Taunting the neighborhood

Taunting the neighborhood


News and Observer photojournalist Travis Long learned of the snowball fight. He and N&O colleague Jill Knight brought cameras along for the fun. The resulting photos and Jill Knight’s delightful video soon attracted attention from over a million amused citizens from around the world. It was a fun story that lightened up a bleak, cold, seemingly-unending winter.

Hallie and Travis and our neighbor Hannah Frelke were three kids sharing screen time with Officers Boyd and Martucci (who were sledding down the hill on our sleds). The video kept popping up months later. It was fun seeing how far and wide it went.

The video made Officer Boyd a bona fide Internet star and Hallie and Travis enjoyed some fame amongst their friends. In its N&O’s recent end-of-year recap, the paper featured the video again, probably not even knowing that the girl in their screenshot was the same girl also featured in their second most popular story of the year, Hallie’s climate change story. That, my friends, is the topic of its own Highlights post.

From Gateway theme to Dellow

I got tired of the Gateway WordPress Theme because it teased me with features only available in the pro version. I don’t mind starting out with the basic, free version of the software if I know going in what I get for free and what I need the premium version for. I also wanted to add Infinite Scroll to make my blog perform the way all other social media sites now perform. I don’t know if even the premium version of the Gateway Theme does this.

With a little more poking around the Internets, I found the Dellow Theme. Dellow offers a cool Parallax effect with the header image. For the unaware, the Parallax effect scrolls an image or frame at a fraction of the rest of the page, offering a cool depth-of-field effect. Dellow also offers Infinite Scroll so that webpage visitors never reach the end of my blog.
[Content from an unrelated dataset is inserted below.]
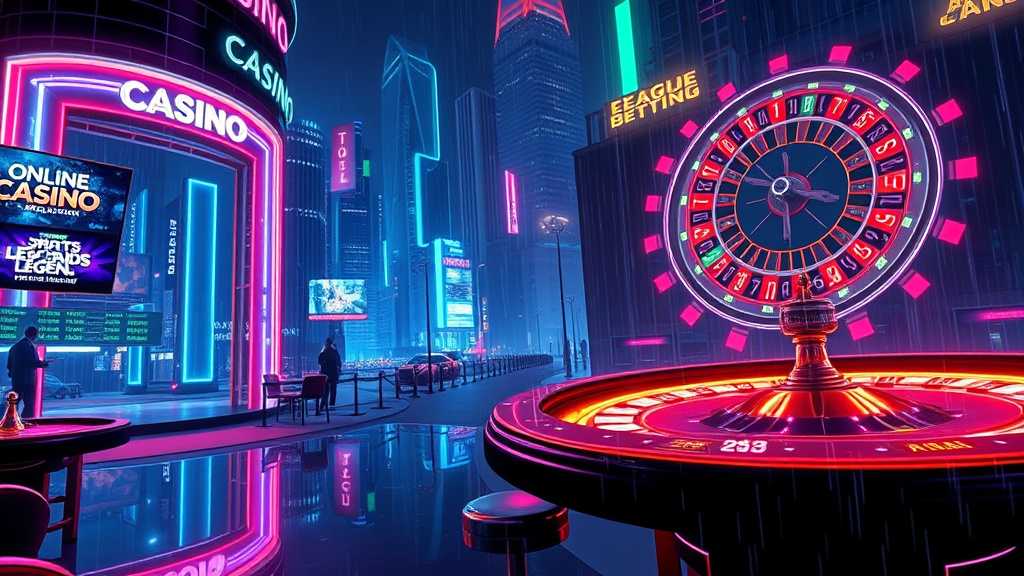 Banner www.dientufpt.com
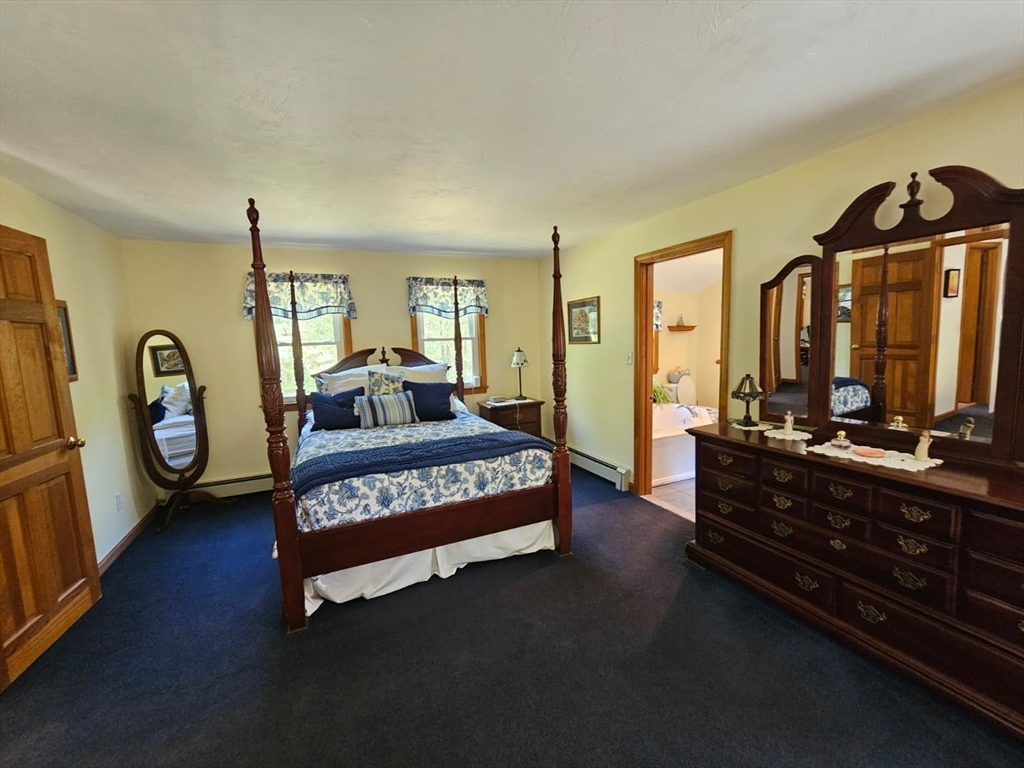 2 Center Hill Road Pembroke, MA 02359 - Photo 13 of 38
Now, I’ve read that search engines sometimes have trouble finding content on an infinite scroll page. This remains to be seen. If it cuts into my search traffic then I may have to rethink my strategy. All told, I am impressed with what the free version of Dellow offers, so much that I immediately paid for the Dellow Plus version to show the author thanks.

Please help me kick the tires and let me know what you think of it. Thanks!
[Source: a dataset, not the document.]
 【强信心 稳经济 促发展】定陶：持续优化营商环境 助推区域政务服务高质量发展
The Rise and Fall of AIM, the Breakthrough AOL Never Wanted

This is a fascinating interview with the founders of AOL Instant Messenger, a trailblazing messaging tool that had its spectacular rise and fall under the largely-clueless leadership of AOL.
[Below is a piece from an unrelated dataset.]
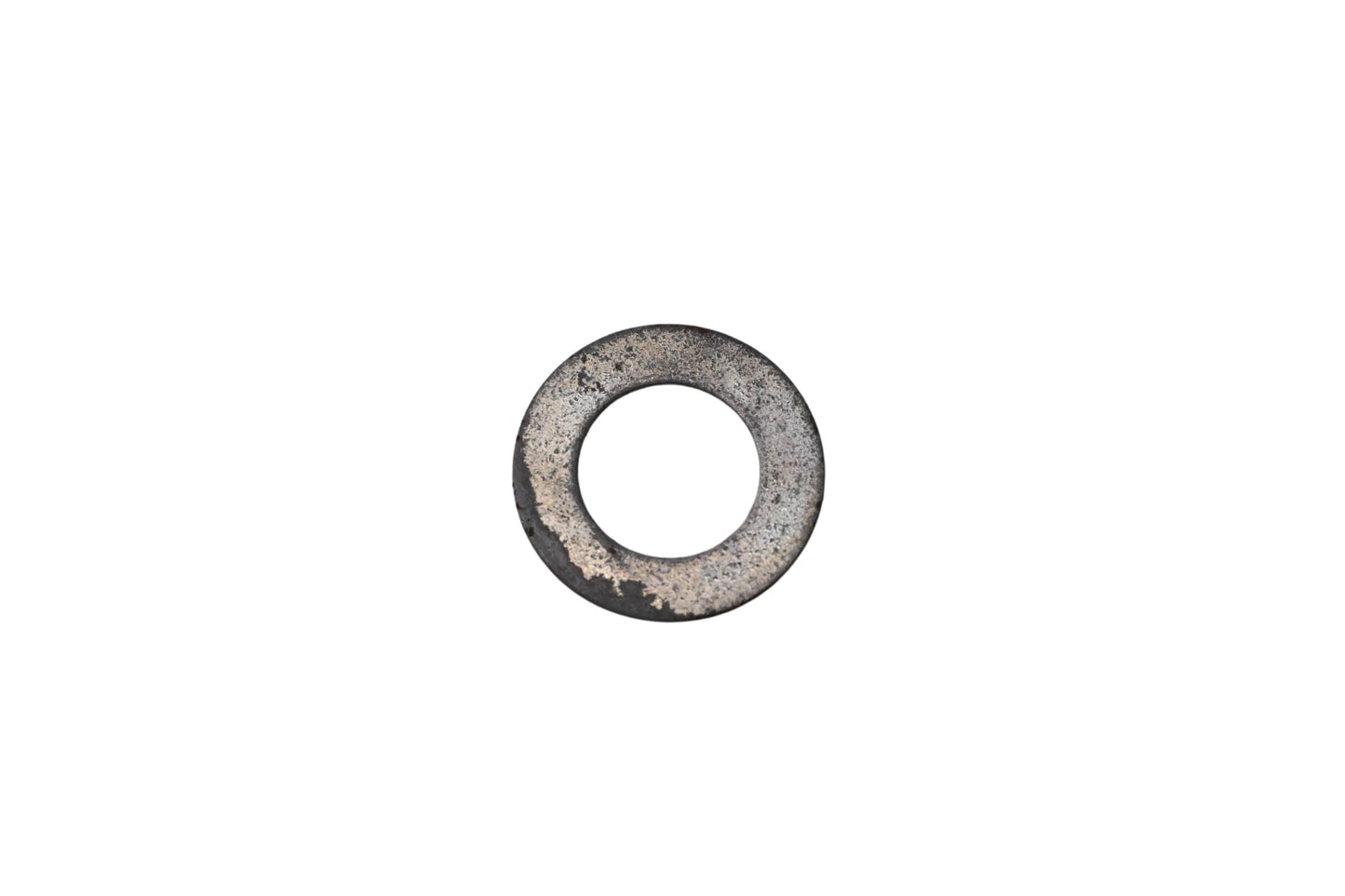 Jacobsen 325629 Washer NOS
When we think about the spectacular collapses of once untouchable Internet properties, companies like MySpace and Pets.com come to mind. The rise and fall of AOL Instant Messenger rivals them all. Once the dominant force in digital messaging and a source of innovations other companies spun off into billions of dollars of businesses, AIM is now mostly dormant. Mashable sat down with three of the early engineers of the program to learn about its origins, why AOL never quite embraced the concept of a free messaging service, getting hacked by Microsoft and the features that never quite made it to users.